“WANTED”: Piñata Movie
Just wrapped up a show for HBO/Cinemax (via Universal) about a remarkable new movie, WANTED, directed by Timur Bekmambetov and starring Angelina Jolie and Morgan Freeman among others. It’s ironic that this entry should come right after one about kids because this is about as far from a kids movie as you can get. Or is it? Certainly, from the perspective of creative energy, the movie scores high and will match any kid’s imagination for crazy things to do with items like bullets (crush each other in mid-air, decorate them, bend them), cars (gymnastic flips, jumping off buses, driving on walls) or trains (becoming surfboards, getting wedged in chasms) to mention just a few items. But any peace-loving analysis of the film — a coming-of-age-story set in a group of hereditary super-assassins — will inevitably lead to its extreme moral shadiness.
Still (and this may just be because I have been staring at every frame of it for the last couple months) the sheer beauty of the filmmaking makes it impossible to ignore. It has what I like to call “Piñata Energy”. Though possibly the most savage moment at any kid’s birthday, the piñata — ripe with a volatile mixture of violence and sugar — also usually represents the peak moment of “togetherness” the party will experience. Not even the blowing-out-of-the-candles causes such a focus of attention. As Marshall Rosenberg, guru of Non-Violent Communication, likes to say, our society has — over the last 10,000 years of “Domination Culture” — figured out many ingenious ways of making violence fun. WANTED is a great example of this. Bekmambetov, who owns his own visual effects house (and the VFX are truly brilliant), adds a dark Russian humor to the spectacular, and completely surreal proceedings. In a scene with blatant piñata parallels, for example, the lead character Wesley (pitch perfectly played by James McAvoy) smacks his pompous, two-timing best friend in the head with a computer keyboard (see Figures A and B below). A mixture of computer keys and torn out teeth, floating in mid-air, spell out his newly empowered spirit.
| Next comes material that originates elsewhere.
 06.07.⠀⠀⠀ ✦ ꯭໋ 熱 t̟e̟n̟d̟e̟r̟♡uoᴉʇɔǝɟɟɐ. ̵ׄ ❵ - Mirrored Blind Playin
Here Bekmambetov explains where he’s coming from:
I love the audience. I want to give them something exciting for two hours of their life. Because life is not so easy and happy. And for two hours they should enjoy something rich and enthusiastic and energetic and funny.
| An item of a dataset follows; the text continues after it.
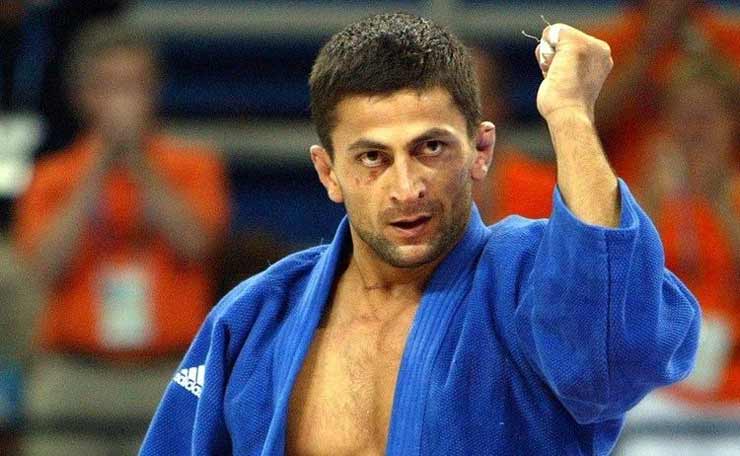 Zurab Zviadauri, võ sỹ Judo từng giành huy chương vàng Olympic và cựu Nghị sỹ Quốc hội Georgia vừa bị bắt giữ hôm 17/8 vì nghi án giết 3 người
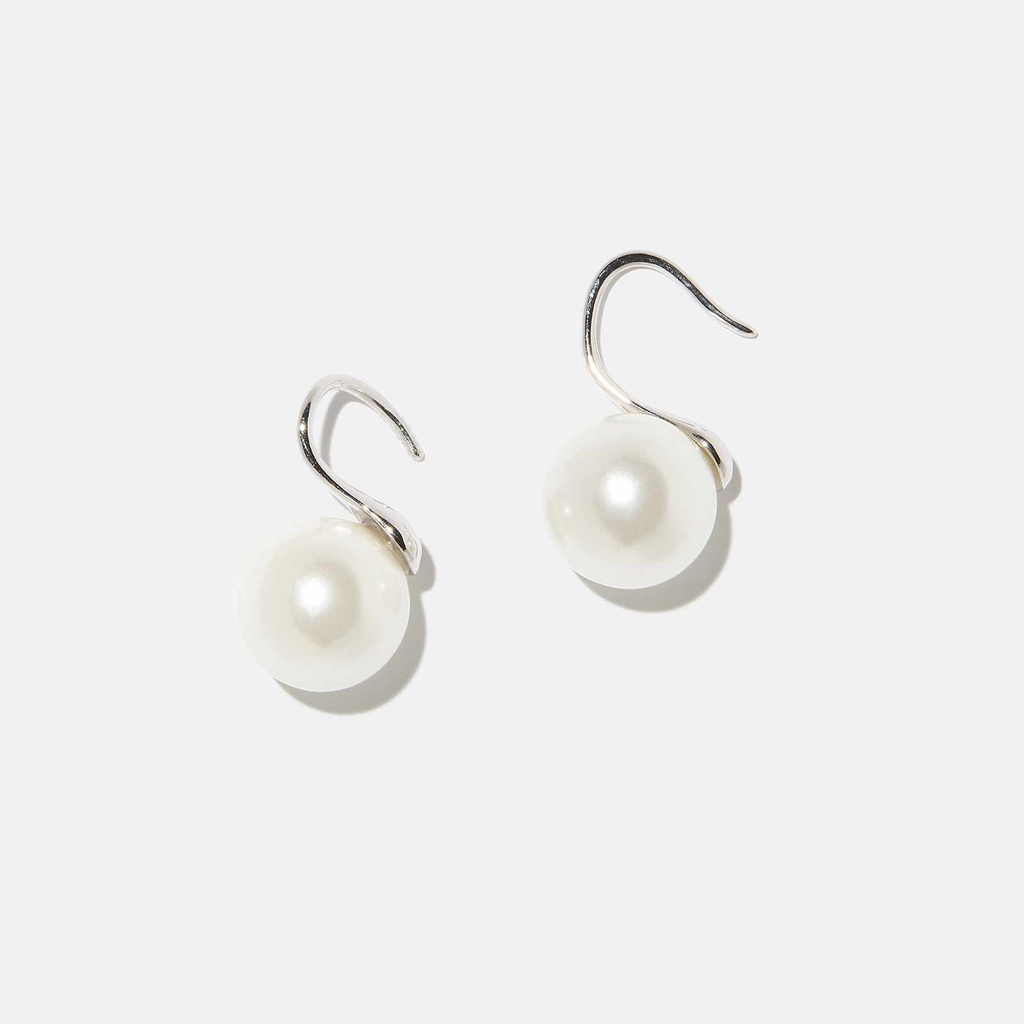 Örhängen i äkta silver - bågar, vita Shell Pearls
And, like a the true artist he is, Bekmambetov has clearly poured abundant love into every shot of the film. The story doesn’t lack self awareness — with Dostoevskian damnation, the ending leaves Wesley in even worse condition than when we met him — but that, very clearly, isn’t the point. Bekmambetov’s business is to, with almost childlike enthusiasm, render his (and probably our) world as fully and vibrantly as he possibly can. The spontaneity — or the grand illusion of spontaneity — is infectious: watch now, ask questions later.
But what are the questions? Should we boycott the tooth-rotting, violence inducing piñata — as well as movies like WANTED — because of the negative cultural conditioning they doubtlessly contribute to? My wife and I refused to have piñatas at our kids’ first few birthday parties. Now, even though we try to stuff them with healthy treats, they are at every party we throw. Have we succumbed?
The answers to these questions are very tricky, and dig very deep. It seems worth it to ask them, though, while we still can.